• What you should do: From the listing below, retype exactly the line holding "Take our lead.", the line holding "Hello guys, welcome", and the lines between them; skip everything else.

• Entries provided:
● ● ● ●
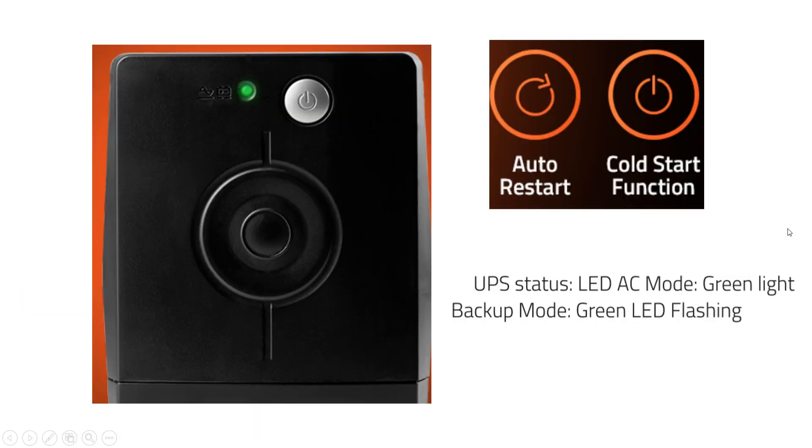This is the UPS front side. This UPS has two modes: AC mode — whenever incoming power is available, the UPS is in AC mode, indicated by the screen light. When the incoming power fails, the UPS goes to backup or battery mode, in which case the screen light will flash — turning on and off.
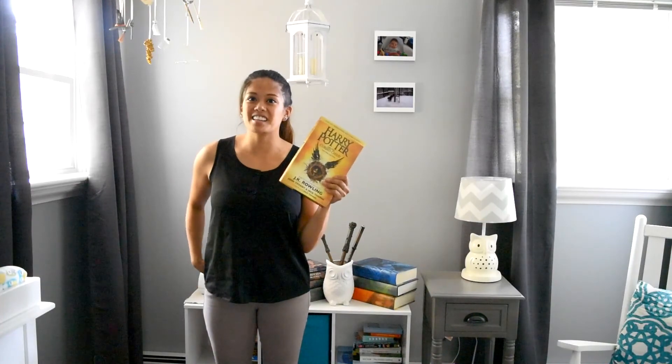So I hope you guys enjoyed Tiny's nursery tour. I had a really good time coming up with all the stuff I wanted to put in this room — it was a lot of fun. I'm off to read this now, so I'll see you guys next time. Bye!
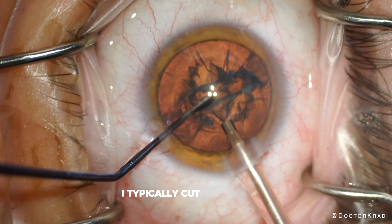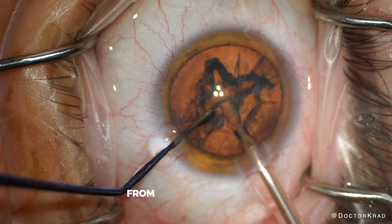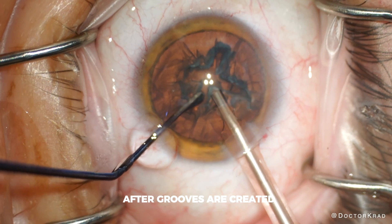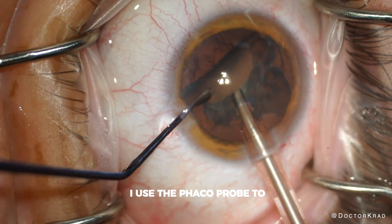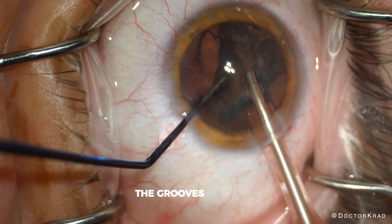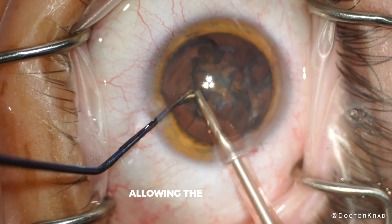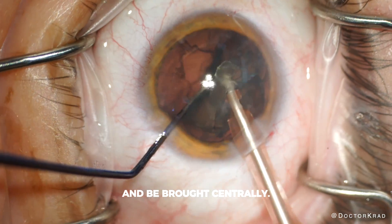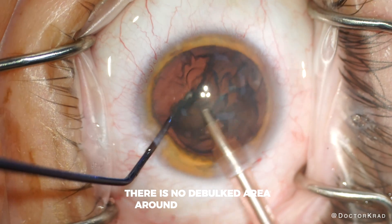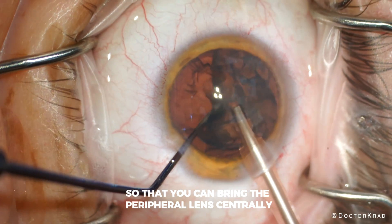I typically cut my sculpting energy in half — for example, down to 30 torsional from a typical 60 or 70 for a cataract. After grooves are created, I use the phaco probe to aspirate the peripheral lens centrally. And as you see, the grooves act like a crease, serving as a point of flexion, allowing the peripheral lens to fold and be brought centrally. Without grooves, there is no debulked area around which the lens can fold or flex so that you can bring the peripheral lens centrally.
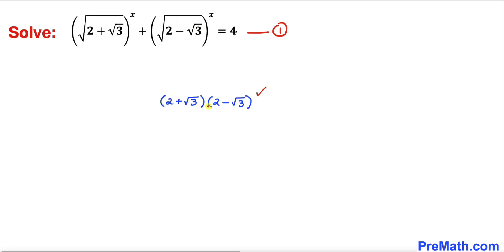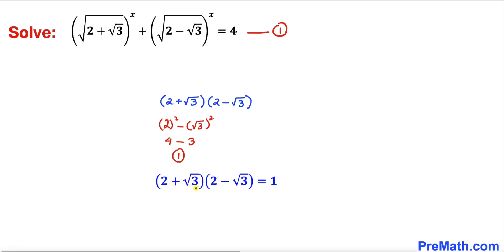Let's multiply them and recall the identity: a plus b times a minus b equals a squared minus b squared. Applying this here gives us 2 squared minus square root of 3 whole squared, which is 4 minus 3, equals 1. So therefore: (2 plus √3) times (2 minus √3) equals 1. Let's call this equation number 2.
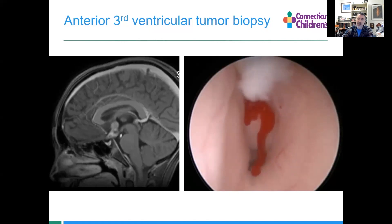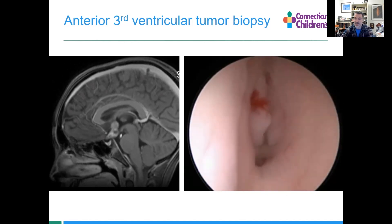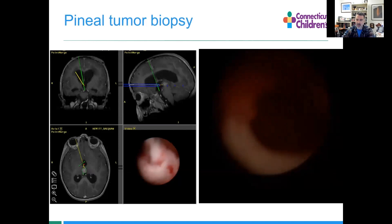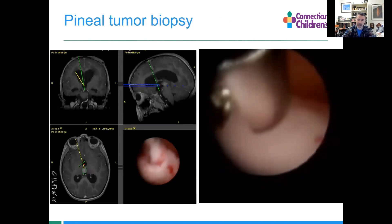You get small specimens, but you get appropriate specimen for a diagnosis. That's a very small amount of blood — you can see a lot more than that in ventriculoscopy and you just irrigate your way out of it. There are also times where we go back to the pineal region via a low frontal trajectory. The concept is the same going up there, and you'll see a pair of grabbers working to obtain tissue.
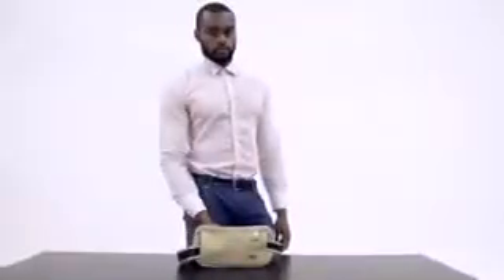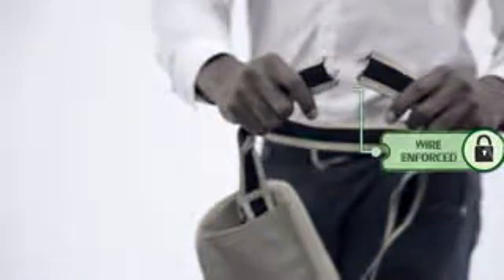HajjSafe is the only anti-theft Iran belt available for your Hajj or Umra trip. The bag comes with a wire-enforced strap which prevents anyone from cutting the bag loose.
● ● ● ●
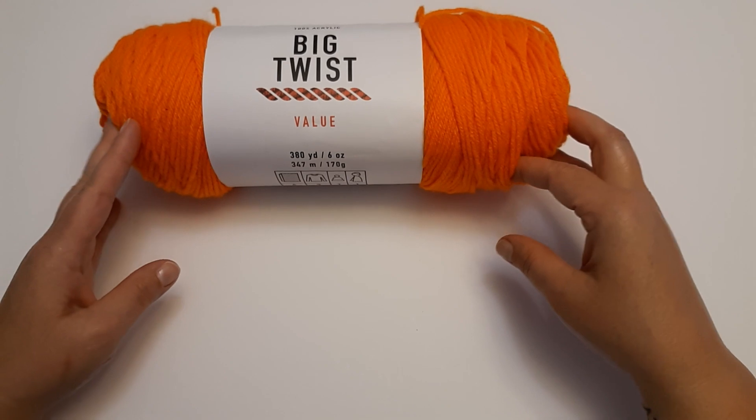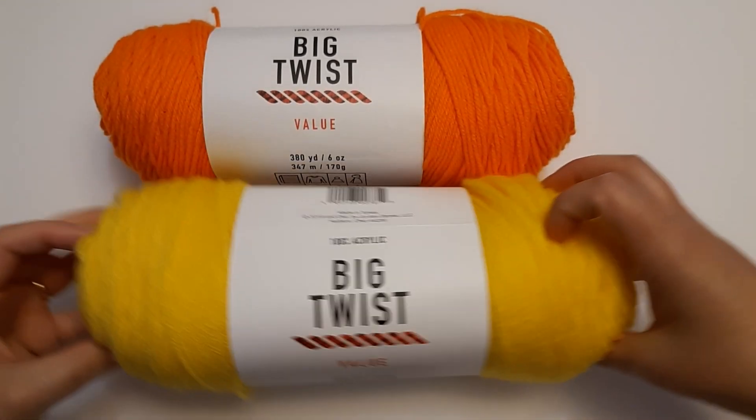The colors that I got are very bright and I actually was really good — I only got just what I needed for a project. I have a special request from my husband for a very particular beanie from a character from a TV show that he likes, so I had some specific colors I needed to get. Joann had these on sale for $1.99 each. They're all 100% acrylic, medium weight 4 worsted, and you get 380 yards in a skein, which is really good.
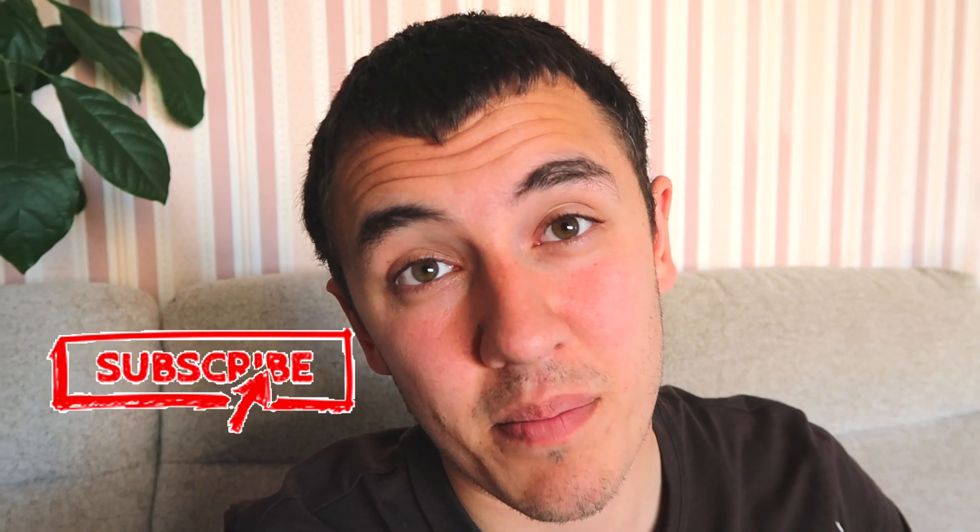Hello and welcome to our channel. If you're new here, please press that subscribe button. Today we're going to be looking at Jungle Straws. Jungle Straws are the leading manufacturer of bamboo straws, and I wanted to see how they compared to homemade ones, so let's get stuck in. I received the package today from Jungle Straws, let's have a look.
● ● ● ●
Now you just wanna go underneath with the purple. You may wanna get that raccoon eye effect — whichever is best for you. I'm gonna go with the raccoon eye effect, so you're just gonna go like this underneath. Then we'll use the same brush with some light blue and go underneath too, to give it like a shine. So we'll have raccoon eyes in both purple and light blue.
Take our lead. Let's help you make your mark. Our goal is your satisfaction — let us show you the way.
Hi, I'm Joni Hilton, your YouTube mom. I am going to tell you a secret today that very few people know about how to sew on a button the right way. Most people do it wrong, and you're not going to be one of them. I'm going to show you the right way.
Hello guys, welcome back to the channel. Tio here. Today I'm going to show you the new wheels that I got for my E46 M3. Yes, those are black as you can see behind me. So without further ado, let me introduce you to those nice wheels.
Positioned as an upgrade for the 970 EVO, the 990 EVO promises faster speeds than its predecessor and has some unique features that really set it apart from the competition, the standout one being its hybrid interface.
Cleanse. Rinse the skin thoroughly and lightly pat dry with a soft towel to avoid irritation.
● ● ● ●
• Solution for this task:
Take our lead. Let's help you make your mark. Our goal is your satisfaction — let us show you the way.
Hi, I'm Joni Hilton, your YouTube mom. I am going to tell you a secret today that very few people know about how to sew on a button the right way. Most people do it wrong, and you're not going to be one of them. I'm going to show you the right way.
Hello guys, welcome back to the channel. Tio here. Today I'm going to show you the new wheels that I got for my E46 M3. Yes, those are black as you can see behind me. So without further ado, let me introduce you to those nice wheels.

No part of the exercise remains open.